I'm sorry. I have to go now.

My apostrophe is having contractions.

April 17, 2009 10:17 PM

Dreggor Gade said:

You know, maybe in a few years down the line when I get a cushy, plum job on a sitcom and end up with free time, free money, and free contacts with great talent, I'll shoot a vanity project too! Gosh, I loved Pynchon in college. So I'll shoot an incredibly unfilmable book also. I'll start small like Krasinski. He didn't jump straight to "Infinite Jest," so I won't go for "Gravity's Rainbow."

I think "The Crying of Lot 49" would be a fantastic vanity project that I could use to burn up lots and lots of money (screw the economy) and have my own Sundance moment, being avant-garde in my free time while raking it in as a network commodity (sitcom actor).

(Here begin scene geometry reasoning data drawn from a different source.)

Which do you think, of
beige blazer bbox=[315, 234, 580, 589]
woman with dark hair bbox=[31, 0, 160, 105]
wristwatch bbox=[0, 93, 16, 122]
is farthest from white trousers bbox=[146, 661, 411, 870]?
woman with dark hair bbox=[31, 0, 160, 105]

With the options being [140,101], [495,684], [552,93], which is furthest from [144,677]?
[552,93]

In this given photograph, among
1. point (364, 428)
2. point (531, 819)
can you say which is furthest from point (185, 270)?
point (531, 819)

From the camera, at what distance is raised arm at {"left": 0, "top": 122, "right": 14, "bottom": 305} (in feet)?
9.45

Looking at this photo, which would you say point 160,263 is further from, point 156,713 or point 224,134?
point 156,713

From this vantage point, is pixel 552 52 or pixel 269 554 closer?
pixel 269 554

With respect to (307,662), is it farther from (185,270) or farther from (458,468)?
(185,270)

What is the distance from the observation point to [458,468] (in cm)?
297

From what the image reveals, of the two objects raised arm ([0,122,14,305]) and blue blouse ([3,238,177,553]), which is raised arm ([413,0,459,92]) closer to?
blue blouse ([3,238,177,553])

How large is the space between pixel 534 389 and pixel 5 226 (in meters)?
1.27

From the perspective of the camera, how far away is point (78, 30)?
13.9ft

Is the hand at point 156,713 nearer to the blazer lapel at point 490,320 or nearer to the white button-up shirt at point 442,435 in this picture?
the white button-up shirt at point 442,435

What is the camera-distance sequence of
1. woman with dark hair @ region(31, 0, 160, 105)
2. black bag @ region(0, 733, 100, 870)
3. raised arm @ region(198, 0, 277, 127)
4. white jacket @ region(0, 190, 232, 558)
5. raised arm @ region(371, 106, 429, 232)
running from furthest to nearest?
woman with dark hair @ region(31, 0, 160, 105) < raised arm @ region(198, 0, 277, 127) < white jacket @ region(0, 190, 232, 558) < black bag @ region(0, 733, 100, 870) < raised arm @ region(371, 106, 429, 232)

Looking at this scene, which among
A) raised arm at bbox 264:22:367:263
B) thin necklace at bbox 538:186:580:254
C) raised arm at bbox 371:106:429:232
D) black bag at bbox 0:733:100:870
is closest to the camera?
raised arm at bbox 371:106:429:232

On second thought... that seems like a really selfish and guilty pleasure that does nobody any good whatsoever. I'll pass on the self-aggrandizement. I'll stick to adaptations that can work as features for the enjoyment of the audience (and not just the self-adulation of the writer/director).

April 19, 2009 12:16 PM

ampersand said:

John Krasinski first got the film rights for "Brief Interviews with Hideous Men" at the age of 23, as an unknown actor. He borrowed money from a friend to finance the project. He slowly began gathering a cast by approaching his favorite NY actors. This was all before he won the role of Jim on "The Office."

He might not have gotten his movie into Sundance had he not been famous, but he probably would have filmed it either way.

April 23, 2009 4:41 PM

bsw2108 said:

There's no such thing as an unfilmable movie. Sure there may be concepts that can't be written, blocked, and edited according to classical hollywood standards; that is far from saying that the concept is unfilmable. Fittingly enough, the concept of an unfilmable movie is ironized in Infinite Jest (James Incandenza's filmography contains several works which are deemed unfilmable: assumedly for the same reasons that some people think that the concept for Infite Jest was unwritable).

That said, I do agree that it is risky to adapt Brief Interveiws into a movie. It's hard to sell a disjointed movie, and DFW's work can only be faithfully adapted as a disjointed movie. However, there have been other films that don't follow the rules of narrativity to T and still manage to carve out a niche for themselves: look at the works of Godard, Lynch, Jarmusch, Soderbergh, etc. Each of these directors play with the idea of what makes an interesting narrative. Sure these are lofty goals, but you can't criticize the guy for trying. Personally, I'm excited to see how Krasiniski's film turns out: could go either way.